The focal point of the story was the departure of Amy and Rory. It goes without saying that Karen and Arthur will be remembered: both have been brilliant actors. It’s been exciting to watch these two mature in their own performances, bringing such a bright, absorbing dynamic to the show that will be missed. Although I found the scene where the characters discover an older Rory to have fallen victim to the Weeping Angels in Winter Quay to be lacking in the emotional intensity it aimed for, Arthur Darvill did deliver the shocking news with a suitably naturalistic conviction: a slight choke in the throat, the news not fully sinking in. It was by the time of the suicide, in defiance against destiny, that I was gripped. The beautiful and haunting simplicity of the dialogue (“It’s marriage”), the slow-motion fall, the dramatic music, all the while the Doctor looks on, would have been a suitable ending for them: an eternal love; together in the end. It’s my personal preference as well: a bittersweet ending that makes their departure unquestionably definitive. The gravitas of such a dark ending, though it sit uncomfortably with some, would have given the story the closure I feel it needed, seeing the Doctor turn volatile with rage and bereavement, resolute that this won’t recur in future.

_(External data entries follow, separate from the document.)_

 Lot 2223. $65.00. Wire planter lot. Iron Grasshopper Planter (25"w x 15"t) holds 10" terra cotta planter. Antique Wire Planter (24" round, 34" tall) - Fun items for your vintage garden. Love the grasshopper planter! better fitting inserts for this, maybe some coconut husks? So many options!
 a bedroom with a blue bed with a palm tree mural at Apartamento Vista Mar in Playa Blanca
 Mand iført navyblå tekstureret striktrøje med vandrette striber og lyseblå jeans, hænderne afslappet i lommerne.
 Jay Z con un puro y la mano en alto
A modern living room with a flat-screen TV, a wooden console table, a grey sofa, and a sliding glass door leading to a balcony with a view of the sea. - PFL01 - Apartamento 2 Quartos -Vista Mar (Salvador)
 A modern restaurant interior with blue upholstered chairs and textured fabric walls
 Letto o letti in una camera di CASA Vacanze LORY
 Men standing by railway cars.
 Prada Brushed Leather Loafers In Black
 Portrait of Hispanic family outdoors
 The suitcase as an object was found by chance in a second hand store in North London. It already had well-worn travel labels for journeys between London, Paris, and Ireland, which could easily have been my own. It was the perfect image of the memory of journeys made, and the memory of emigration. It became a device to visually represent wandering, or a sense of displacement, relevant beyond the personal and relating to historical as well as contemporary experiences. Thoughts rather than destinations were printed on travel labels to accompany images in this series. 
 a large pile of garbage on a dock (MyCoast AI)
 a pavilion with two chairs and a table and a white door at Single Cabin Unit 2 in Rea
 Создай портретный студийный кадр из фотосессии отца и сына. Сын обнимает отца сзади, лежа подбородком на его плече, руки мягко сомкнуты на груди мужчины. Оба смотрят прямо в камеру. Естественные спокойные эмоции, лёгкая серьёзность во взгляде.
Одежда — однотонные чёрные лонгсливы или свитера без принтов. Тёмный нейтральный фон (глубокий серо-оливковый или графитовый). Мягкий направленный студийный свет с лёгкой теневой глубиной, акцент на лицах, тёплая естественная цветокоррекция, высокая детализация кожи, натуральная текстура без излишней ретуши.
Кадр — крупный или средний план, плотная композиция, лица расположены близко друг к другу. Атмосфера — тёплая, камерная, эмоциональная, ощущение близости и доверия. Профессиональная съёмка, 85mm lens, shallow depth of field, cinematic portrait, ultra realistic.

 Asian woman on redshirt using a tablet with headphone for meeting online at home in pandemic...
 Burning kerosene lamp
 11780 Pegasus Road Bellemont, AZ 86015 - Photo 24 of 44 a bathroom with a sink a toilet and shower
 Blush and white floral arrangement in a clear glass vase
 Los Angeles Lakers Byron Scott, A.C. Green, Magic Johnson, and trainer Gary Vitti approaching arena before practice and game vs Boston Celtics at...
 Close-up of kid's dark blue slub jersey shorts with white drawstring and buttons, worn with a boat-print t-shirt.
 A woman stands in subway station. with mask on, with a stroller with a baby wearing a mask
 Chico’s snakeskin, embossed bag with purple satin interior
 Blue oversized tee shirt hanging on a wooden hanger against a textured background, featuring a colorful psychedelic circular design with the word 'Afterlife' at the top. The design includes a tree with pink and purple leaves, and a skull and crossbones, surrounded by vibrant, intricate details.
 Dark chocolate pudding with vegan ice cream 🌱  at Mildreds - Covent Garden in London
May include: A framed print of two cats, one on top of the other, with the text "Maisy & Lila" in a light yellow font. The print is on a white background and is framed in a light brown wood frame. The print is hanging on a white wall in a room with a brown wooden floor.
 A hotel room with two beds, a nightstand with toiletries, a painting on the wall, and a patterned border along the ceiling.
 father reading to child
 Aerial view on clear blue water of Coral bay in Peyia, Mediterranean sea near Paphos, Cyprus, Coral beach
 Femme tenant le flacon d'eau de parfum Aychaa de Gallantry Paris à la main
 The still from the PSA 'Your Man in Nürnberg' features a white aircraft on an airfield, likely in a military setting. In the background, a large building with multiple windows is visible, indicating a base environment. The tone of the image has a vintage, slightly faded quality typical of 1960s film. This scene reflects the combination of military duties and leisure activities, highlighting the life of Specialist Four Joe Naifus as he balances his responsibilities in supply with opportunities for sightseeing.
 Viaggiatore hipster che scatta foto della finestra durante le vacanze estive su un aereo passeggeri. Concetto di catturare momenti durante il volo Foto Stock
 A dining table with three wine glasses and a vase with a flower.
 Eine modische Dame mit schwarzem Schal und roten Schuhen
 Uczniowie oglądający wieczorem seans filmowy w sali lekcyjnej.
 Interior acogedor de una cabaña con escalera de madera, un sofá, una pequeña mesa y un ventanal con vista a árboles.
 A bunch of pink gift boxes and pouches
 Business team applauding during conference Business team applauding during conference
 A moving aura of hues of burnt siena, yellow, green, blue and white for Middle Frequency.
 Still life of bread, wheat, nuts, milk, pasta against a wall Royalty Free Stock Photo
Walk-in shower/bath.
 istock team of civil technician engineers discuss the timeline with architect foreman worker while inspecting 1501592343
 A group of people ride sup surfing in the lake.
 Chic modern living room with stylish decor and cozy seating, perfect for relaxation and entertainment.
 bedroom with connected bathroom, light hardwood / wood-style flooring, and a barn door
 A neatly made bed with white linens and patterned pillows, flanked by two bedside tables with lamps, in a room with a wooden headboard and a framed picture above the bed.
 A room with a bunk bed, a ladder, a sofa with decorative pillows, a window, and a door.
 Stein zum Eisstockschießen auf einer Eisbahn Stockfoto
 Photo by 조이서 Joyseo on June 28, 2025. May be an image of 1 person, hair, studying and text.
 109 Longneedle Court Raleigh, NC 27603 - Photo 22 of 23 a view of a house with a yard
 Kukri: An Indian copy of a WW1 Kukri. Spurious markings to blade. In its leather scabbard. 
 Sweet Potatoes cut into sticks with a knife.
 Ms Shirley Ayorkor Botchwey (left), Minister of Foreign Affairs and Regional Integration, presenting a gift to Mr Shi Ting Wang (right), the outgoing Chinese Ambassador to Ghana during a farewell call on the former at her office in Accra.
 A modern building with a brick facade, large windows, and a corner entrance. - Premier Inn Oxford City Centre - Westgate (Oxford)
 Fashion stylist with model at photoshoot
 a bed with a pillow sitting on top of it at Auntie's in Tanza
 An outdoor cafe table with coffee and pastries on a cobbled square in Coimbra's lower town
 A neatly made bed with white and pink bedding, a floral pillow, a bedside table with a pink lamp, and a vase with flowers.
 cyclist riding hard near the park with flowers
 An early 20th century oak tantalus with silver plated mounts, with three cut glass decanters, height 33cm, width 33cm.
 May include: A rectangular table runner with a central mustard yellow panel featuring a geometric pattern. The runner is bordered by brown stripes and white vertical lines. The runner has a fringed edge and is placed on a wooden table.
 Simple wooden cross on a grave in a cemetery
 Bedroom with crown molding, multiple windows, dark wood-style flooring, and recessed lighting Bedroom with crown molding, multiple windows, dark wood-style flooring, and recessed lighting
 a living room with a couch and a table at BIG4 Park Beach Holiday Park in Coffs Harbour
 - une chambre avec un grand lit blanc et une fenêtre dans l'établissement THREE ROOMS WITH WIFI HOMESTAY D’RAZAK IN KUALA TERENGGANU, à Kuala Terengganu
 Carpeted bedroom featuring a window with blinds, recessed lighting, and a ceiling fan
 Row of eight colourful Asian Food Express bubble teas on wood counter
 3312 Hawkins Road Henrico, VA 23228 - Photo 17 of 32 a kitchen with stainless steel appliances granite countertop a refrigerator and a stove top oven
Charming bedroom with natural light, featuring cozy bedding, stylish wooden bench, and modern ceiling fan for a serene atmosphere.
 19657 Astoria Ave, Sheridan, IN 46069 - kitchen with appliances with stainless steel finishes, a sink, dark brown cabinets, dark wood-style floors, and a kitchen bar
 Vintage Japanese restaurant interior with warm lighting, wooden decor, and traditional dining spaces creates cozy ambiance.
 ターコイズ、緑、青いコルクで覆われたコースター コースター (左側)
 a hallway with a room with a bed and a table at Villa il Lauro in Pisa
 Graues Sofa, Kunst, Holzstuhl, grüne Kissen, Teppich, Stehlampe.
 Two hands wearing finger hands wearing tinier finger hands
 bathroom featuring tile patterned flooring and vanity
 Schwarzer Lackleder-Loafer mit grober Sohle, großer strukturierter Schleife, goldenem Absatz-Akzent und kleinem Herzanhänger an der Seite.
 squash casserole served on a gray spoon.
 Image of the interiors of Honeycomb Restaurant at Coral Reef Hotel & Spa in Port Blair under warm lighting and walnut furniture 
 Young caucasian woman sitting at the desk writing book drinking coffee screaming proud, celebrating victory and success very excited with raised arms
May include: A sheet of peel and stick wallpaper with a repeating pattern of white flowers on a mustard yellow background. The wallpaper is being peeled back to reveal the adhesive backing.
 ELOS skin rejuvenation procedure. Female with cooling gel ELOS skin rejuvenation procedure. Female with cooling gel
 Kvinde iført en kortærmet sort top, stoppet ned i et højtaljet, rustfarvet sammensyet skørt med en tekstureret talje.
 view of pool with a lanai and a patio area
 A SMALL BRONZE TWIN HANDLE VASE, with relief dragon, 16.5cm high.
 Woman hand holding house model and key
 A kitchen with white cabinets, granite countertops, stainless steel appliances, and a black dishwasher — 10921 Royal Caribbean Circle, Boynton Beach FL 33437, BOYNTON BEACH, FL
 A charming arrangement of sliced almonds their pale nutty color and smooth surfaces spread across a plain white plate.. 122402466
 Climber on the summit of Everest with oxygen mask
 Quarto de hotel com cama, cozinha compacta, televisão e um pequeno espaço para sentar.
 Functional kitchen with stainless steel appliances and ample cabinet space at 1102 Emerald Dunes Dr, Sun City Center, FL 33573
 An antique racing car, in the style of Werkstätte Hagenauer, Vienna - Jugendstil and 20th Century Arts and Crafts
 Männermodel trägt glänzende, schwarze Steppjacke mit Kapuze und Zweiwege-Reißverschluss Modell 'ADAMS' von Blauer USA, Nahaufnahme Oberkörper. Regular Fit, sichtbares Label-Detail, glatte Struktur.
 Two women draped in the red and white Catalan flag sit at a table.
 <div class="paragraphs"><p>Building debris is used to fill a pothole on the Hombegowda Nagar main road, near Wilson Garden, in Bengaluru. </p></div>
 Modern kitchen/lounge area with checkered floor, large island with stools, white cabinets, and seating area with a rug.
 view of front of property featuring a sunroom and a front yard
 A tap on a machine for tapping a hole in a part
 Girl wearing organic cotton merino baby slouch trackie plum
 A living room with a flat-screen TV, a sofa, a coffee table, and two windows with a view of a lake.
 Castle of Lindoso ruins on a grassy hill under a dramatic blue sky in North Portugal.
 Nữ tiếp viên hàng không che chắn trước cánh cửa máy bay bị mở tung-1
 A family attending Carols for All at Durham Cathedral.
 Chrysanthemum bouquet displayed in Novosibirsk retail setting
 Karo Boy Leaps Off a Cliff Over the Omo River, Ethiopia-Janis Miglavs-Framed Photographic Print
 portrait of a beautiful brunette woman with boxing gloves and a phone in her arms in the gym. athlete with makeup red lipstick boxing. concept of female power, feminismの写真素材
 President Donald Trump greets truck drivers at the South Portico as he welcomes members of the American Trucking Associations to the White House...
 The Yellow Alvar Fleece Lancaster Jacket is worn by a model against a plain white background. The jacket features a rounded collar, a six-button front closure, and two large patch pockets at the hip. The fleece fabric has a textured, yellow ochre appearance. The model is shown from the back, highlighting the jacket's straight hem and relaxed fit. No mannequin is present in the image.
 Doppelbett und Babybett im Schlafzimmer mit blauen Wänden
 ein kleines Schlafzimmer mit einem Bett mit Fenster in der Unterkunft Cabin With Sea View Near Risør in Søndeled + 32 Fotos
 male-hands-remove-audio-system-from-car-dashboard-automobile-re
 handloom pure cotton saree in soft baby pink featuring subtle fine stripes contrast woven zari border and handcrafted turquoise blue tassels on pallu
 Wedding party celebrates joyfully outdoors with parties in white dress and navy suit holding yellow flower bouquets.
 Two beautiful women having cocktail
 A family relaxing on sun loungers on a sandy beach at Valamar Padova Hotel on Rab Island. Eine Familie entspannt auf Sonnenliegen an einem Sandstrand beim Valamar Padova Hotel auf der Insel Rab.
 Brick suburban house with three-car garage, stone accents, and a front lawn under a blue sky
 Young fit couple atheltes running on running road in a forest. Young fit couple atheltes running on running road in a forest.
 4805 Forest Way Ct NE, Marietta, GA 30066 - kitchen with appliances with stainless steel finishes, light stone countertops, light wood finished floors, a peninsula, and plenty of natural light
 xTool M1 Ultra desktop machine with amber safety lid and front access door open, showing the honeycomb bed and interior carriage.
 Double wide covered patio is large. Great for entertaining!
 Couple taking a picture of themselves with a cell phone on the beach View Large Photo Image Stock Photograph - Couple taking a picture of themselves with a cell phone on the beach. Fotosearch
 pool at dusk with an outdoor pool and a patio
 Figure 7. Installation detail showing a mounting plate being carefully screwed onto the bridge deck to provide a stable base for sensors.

Their actual ending feels lacklustre in comparison. The paradox erases the Weeping Angels from history. Finding themselves in the cemetery, Rory is suddenly zapped by a survivor Angel. Amy decides to join him in the past, to the Doctor’s grief and River’s insistence. I do find River’s lack of emotion to be a little upsetting and the banter between the two feels tacked-on; as if the scene should play out in silence, the Doctor channelling his myriad of emotions through body language, while River, rigid, sheds a single tear, wipes it away, and, in a single sentence, tells the Doctor to find someone who he might listen to – cut to the last page sequence.
Lastly, I have to discuss the situation of River Song. I wholeheartedly disagree with how the character has been developed. That aside, the story did attempt to add a layer of humanity to her sociopathic, flirtatious personality of late, during the scene where the Doctor learns she in fact snapped her wrist to escape Grayle’s captive Angel’s grasp, her hand bloody from the damage. It certainly put the Doctor’s dearth of maturity into perspective when she hotly slapped him for being a sentimental fool, using regeneration energy to heal the wound.
Overall Verdict: 8/10
In conclusion, The Angels Take Manhattan was a fairly emotional and atmospheric story, returning the Weeping Angels to form, with the Cherubim being a delightfully sinister addition to their mythology. As the end to an era, I’m ambivalent: I prefer the original death. Events may come full circle with a photographic finish on the young Amelia Pond, a sophisticated freeze-frame, but the noir aesthetics didn’t feel enriching enough and could easily have contributed to a more ‘Gothic’ evocation of the Angels’ menacing design.